Sei exactamente porque estás aqui. Tomaste ibuprofeno durante semanas. Foste ao médico. Fizeste raio-X ou ressonância. Ouviste "tem uma pequena hérnia, descanse e tome anti-inflamatório". Descansaste. E a dor voltou. Sempre volta.

Este padrão é o que mais vejo no meu consultório há 18 anos. Mais de 500 clientes em Lisboa passaram por esta mesma frustração antes de me procurarem.
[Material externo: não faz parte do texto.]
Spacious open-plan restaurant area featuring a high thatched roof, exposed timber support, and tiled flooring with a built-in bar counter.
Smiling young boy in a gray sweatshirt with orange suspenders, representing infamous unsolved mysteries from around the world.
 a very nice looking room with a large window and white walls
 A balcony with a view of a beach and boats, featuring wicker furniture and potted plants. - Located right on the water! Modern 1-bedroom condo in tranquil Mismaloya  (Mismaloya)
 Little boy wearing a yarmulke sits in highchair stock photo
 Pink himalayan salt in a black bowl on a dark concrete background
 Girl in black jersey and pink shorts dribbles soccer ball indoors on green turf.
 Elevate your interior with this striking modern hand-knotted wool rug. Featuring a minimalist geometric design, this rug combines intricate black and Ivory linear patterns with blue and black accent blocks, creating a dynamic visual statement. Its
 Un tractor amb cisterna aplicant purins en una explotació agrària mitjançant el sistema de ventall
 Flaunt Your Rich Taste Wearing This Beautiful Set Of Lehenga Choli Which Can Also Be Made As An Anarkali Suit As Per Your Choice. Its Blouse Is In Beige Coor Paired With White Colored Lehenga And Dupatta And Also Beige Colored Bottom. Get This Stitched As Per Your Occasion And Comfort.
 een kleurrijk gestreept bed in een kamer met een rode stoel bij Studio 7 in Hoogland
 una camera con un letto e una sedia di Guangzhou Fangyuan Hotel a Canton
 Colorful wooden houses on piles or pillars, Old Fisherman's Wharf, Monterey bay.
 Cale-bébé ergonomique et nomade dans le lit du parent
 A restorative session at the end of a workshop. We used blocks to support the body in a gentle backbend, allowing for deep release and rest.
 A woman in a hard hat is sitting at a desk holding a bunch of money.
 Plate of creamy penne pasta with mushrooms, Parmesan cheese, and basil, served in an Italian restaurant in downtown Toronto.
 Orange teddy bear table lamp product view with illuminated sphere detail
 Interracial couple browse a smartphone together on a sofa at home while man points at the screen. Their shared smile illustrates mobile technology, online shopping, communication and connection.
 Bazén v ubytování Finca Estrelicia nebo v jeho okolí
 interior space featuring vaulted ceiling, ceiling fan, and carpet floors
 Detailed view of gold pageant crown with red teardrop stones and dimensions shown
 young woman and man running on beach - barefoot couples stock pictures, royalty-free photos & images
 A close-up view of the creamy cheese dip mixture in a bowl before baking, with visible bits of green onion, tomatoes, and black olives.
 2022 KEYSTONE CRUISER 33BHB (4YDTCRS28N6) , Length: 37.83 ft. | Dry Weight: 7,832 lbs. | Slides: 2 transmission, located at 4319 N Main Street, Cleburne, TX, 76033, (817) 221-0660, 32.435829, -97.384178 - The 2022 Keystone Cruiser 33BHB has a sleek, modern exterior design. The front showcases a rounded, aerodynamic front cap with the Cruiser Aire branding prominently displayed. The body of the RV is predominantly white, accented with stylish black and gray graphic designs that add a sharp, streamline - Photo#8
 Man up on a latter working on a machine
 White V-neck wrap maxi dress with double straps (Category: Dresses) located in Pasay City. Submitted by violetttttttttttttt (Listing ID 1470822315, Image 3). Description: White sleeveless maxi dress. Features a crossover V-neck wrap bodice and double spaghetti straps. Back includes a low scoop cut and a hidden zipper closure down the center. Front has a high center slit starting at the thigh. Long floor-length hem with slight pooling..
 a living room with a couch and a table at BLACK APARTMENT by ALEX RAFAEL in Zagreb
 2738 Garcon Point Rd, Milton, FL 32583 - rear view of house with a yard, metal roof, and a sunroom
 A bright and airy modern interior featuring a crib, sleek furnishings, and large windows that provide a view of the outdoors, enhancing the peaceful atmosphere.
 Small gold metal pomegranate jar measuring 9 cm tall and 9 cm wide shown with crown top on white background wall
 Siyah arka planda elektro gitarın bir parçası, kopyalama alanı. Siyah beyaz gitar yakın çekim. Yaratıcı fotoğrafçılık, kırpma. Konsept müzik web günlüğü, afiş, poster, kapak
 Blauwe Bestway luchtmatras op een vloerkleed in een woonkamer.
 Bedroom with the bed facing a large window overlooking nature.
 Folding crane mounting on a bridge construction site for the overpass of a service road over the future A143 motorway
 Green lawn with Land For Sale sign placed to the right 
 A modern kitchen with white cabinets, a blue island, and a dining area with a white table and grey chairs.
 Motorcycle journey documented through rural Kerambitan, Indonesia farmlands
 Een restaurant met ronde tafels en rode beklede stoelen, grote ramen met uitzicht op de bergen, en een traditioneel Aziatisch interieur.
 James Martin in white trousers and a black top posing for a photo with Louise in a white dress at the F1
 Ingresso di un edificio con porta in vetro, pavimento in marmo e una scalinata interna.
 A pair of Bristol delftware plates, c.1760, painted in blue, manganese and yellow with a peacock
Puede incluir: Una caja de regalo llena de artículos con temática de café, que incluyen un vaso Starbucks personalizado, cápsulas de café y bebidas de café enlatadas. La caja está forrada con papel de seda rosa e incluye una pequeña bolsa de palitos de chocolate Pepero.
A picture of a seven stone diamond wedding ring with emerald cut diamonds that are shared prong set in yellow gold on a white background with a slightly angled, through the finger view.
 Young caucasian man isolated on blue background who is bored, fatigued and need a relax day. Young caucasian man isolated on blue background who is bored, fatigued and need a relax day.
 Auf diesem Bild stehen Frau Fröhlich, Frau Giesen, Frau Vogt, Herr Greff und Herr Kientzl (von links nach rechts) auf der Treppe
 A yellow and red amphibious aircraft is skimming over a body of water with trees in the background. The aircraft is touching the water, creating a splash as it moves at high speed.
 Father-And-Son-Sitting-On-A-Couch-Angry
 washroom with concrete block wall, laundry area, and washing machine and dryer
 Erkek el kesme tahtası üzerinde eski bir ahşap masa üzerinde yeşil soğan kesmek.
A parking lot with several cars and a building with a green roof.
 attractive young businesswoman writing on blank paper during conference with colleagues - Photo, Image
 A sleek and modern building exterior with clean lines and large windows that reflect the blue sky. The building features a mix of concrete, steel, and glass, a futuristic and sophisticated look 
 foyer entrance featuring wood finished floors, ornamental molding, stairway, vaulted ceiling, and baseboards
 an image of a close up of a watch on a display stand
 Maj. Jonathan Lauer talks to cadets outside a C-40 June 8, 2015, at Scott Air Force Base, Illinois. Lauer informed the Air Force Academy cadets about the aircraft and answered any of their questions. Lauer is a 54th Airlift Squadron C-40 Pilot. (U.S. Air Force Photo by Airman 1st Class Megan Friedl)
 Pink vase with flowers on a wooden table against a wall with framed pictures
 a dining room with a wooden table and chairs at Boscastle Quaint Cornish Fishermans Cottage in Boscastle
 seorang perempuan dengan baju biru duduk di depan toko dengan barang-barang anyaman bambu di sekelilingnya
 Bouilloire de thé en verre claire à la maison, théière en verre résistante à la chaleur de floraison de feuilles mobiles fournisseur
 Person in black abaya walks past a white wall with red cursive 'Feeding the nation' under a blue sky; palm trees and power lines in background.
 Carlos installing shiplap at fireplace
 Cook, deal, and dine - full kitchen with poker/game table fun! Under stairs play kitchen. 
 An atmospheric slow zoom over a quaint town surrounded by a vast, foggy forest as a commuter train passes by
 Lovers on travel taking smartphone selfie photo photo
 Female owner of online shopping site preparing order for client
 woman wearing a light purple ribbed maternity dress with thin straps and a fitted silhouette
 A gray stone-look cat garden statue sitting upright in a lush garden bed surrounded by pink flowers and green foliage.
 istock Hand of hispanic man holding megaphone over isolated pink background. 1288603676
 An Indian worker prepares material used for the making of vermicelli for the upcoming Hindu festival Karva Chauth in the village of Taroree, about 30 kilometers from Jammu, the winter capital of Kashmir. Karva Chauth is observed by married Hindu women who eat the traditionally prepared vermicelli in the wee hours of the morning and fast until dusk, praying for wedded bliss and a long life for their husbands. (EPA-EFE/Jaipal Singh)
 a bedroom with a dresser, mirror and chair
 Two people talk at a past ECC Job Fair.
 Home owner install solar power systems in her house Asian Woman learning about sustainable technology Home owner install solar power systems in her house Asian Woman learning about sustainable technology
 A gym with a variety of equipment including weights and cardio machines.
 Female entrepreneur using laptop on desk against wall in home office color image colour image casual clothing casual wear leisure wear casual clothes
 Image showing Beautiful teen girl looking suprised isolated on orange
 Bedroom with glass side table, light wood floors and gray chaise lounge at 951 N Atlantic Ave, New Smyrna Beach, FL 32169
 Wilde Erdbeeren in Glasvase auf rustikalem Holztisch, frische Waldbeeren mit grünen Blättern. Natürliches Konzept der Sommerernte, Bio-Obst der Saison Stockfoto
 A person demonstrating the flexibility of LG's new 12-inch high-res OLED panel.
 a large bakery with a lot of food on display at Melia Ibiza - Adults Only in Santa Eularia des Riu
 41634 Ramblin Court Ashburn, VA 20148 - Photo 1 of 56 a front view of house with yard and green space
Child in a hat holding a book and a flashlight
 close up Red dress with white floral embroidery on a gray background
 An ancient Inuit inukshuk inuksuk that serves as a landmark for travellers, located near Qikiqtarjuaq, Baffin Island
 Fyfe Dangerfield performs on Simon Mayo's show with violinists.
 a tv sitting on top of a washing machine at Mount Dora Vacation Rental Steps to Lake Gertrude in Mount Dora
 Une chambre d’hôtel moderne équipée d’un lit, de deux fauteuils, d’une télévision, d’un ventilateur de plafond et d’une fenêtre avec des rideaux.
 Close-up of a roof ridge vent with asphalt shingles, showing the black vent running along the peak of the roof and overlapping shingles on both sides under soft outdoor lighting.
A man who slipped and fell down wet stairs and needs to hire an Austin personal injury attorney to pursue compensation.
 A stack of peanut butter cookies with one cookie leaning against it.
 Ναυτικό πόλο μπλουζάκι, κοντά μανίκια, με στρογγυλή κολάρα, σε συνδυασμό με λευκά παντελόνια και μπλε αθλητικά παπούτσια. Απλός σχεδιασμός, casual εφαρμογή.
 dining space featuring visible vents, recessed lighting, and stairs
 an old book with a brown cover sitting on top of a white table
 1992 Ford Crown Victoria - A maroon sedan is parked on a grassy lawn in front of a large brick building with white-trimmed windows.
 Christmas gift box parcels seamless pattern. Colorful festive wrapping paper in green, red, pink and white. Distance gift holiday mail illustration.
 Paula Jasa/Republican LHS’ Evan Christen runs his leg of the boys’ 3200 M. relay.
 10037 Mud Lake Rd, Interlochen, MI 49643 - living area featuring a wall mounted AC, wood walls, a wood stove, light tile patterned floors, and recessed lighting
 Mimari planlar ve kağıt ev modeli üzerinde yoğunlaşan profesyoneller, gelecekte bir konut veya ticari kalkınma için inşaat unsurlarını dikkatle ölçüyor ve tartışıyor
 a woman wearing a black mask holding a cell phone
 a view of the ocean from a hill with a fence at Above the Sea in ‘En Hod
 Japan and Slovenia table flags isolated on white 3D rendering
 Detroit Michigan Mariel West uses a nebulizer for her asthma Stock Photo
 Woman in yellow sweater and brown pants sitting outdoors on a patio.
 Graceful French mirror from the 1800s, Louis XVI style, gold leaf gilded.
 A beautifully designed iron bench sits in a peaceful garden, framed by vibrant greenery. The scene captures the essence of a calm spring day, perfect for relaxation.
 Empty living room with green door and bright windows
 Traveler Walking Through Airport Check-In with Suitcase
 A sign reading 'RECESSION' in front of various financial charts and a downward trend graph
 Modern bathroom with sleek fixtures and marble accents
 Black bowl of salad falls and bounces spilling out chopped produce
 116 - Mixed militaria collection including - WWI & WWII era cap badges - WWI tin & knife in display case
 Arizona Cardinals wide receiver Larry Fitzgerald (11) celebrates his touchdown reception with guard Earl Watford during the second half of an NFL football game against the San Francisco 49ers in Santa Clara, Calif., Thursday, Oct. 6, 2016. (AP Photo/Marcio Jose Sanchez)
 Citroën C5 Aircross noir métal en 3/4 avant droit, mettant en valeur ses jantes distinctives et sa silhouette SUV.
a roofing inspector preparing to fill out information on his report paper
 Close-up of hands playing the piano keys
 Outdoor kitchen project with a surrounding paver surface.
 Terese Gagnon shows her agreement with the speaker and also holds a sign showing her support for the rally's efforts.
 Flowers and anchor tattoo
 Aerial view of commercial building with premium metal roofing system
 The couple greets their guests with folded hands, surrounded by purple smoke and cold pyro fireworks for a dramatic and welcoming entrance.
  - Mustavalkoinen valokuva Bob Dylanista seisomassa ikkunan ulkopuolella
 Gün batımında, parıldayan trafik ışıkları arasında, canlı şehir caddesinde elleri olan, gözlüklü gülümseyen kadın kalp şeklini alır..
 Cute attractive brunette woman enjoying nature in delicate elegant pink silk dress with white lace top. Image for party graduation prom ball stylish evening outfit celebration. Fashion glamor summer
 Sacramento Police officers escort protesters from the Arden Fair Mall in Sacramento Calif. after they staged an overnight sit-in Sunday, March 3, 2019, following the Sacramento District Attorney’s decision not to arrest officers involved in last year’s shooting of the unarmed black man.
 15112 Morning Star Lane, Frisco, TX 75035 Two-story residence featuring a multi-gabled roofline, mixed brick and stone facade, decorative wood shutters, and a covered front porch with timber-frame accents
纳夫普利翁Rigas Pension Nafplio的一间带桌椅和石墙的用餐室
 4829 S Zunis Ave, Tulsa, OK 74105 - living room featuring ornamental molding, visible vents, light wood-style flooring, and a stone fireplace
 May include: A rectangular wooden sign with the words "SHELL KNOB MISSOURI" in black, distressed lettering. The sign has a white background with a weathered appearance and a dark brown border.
E na maior parte dos casos, a solução não estava na farmácia. Estava na origem da dor, que ninguém se tinha dado ao trabalho de investigar com as mãos.

Este artigo é para ti: se tens lombalgia que não cede, ciática que vai e vem, ou cervicalgia que já te convenceu de que "é assim mesmo". Não é. E vou explicar porquê.

Dor nas costas crónica: porque é tão difícil de tratar

Quando te cortas num dedo, sentes dor. O corpo envia um sinal de alarme ao cérebro: "há dano aqui, protege." Quando o corte cicatriza, o alarme desliga. Isto é dor aguda. Funciona como deve funcionar.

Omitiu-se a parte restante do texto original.